El poeta y la luna

El poeta y la luna

La luna  simboliza lo inasible, lo que solo se puede contemplar en la lejanía. Conocí a un poeta, compositor de valses, por demás, de gracia sutil. Un día perdió el equilibrio. Nos sorprendió con una frase que al inicio asumimos como una broma impertinente y fugaz: “Estoy enamorado de la luna”.

La repitió sin fatiga e insistió todas las tardes antes del plenilunio hasta que nos convenciéramos de que su confesión era irrebatible y, en efecto, lo fue. Diversos acontecimientos en escalada produjeron en él un trastorno de tal dimensión que transfirió su amor por una mujer hacia un objeto superior, inmensurable, pero fijo e ideal. Era el objeto que podía contemplar inmóvil desde su ventana, desde el parque en la cercanía del barranco o desde la orilla de la Costa Verde tras el ocaso, sin la opción de un temprano adiós.

Le hablaba despacito y la esfera luminosa no le respondía; ni aún en su constancia o su movilidad articulaba alguna frase. A veces ella se escondía sobre la neblinosa Lima.
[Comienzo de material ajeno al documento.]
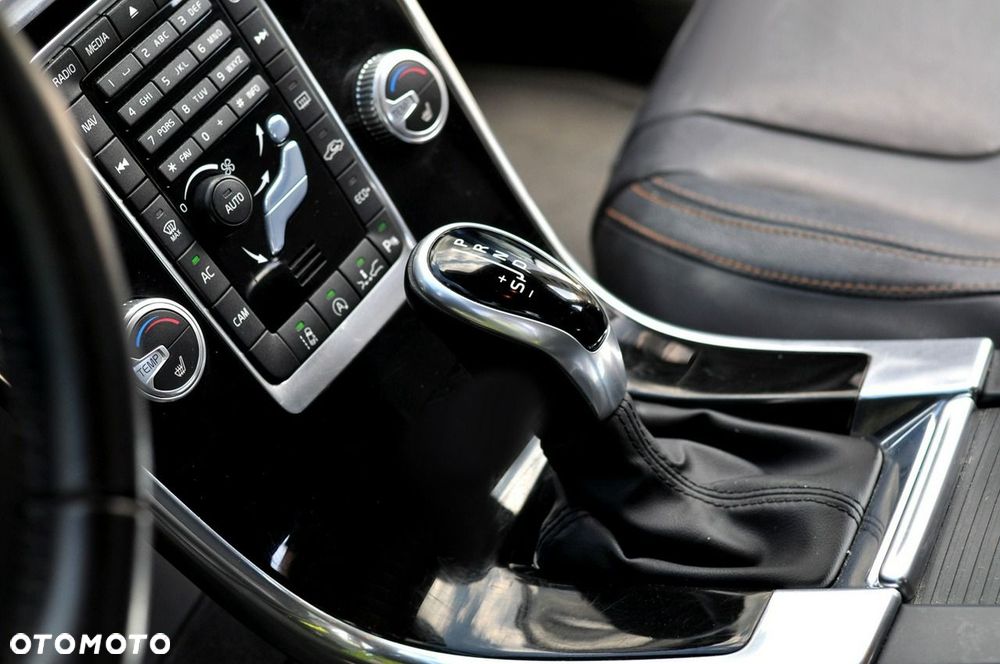 Volvo XC 60 D3 Drive-E Summum - 23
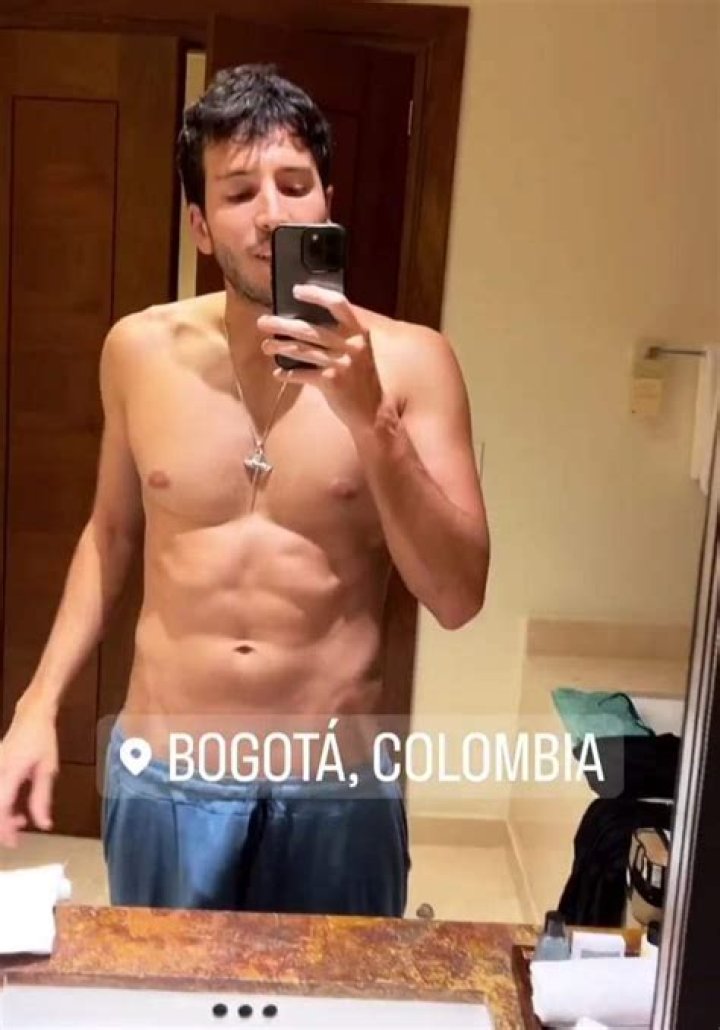 Si Quieres, Puedes by Sebastián Yatra from Colombia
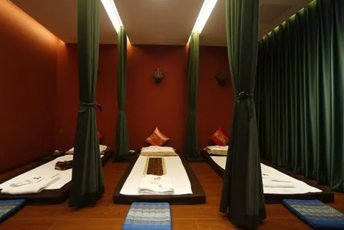 长沙岳麓泰式按摩的被动瑜伽：当身体被折叠成诗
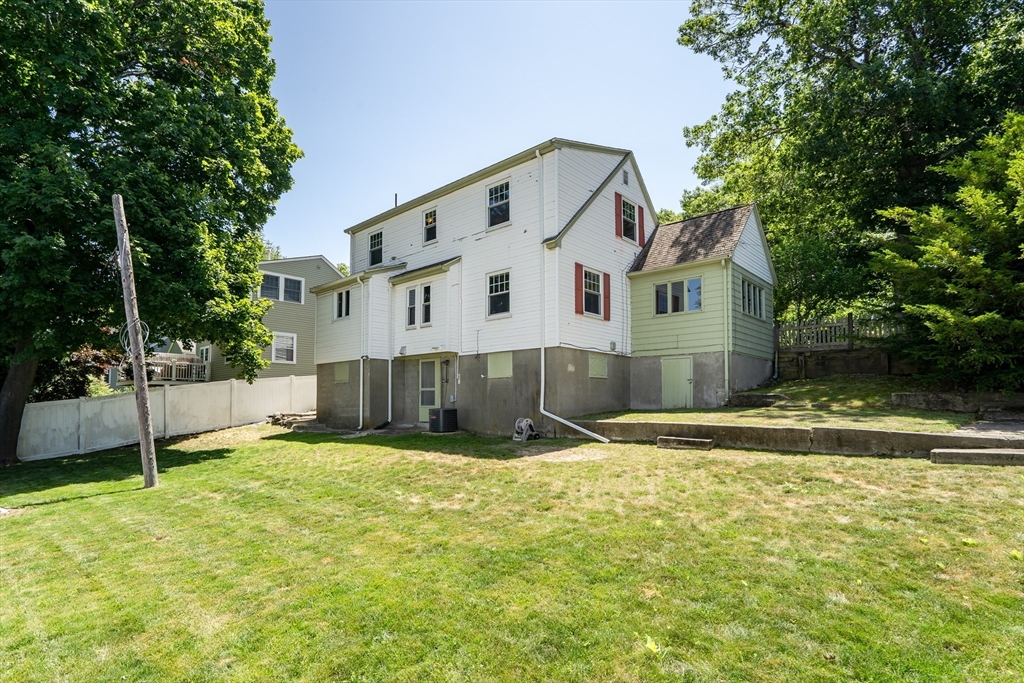 16 Roundwood Road, Newton, MA 02464 — photo 2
Con su guitarra la invocaba aguardando un gesto, una señal. En la penumbra de la orilla o boca arriba en la arena del sur, tachonaba el cielo con lumbres para animarla.

Ha pasado el tiempo y no sé qué será de él… tal vez lo sé. La última vez advirtió entre tragos y grandes bocanadas de humo que había decidido visitarla, cercarla, tocarla, remontar el espacio, las capas superiores de la atmósfera, para lazarla. Lo buscaron por las calles de Lima, por los hospitales, por las estaciones de policía… pero era inútil: Marcelo Gálvez había desaparecido. Dicen que lo vieron marchar la última vez por Alcanfores y desaparecer como tragado por una boca al final de la última casa.

Hace varias semanas hice un viaje fuera de Lima, a Canta. Precisamente llegué a las alturas de Calancayo, a la laguna de los siete colores, al pie de la cordillera La Viuda, donde con Marcelo y la mancha solíamos nadar y contarnos cuentos. En su superficie turquesa, verde y azul, la luna se reflejaba con su máximo esplendor. A solas, miré alelado su reflejo relumbrante, descomunal e intacto en el agua quieta… y más allá las huellas hondas de unos zapatos en la orilla húmeda dirigiéndose hacia el lago. Observé callado, cómplice de la majestad de ese amor que vio por fin la luz en una noche de verano.